Nothing but the lines below from the one holding "Ito ang Maynila" up to and including the one holding "Photo 3 VIN: 3FAFP31352R166071 - FORD FOCUS" should be copied, exactly and without pictures.

▶ **EXERCISE INPUTS**
========================================

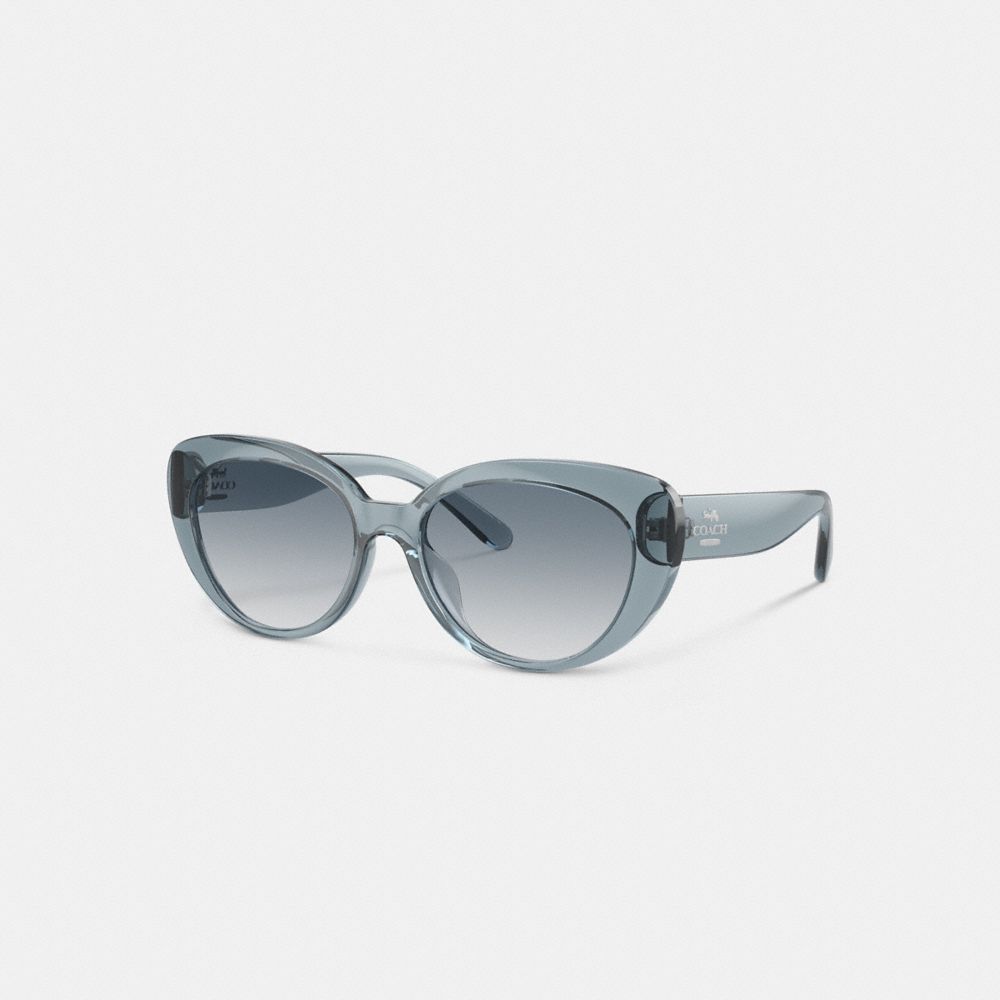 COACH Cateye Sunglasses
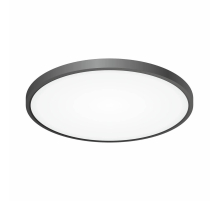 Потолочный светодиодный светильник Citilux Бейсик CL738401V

========================================

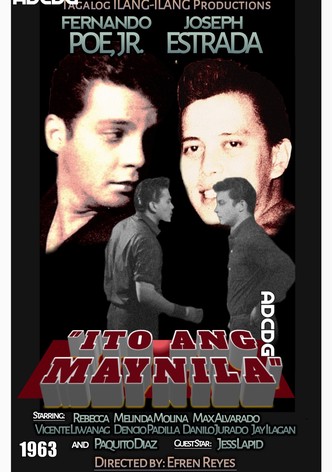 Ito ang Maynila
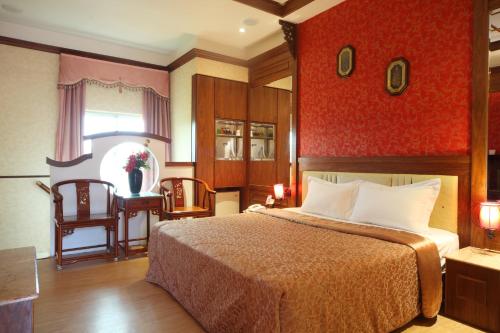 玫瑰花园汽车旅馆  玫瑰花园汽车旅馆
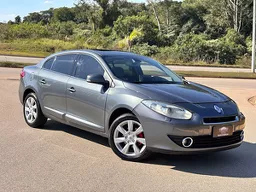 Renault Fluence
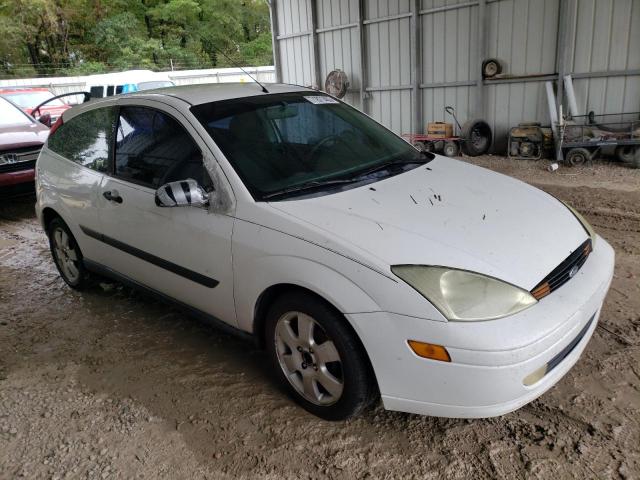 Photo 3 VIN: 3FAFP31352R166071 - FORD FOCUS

========================================

▶ **SOLUTION TO THE PROBLEM**
 Ito ang Maynila
 玫瑰花园汽车旅馆  玫瑰花园汽车旅馆
 Renault Fluence
 Photo 3 VIN: 3FAFP31352R166071 - FORD FOCUS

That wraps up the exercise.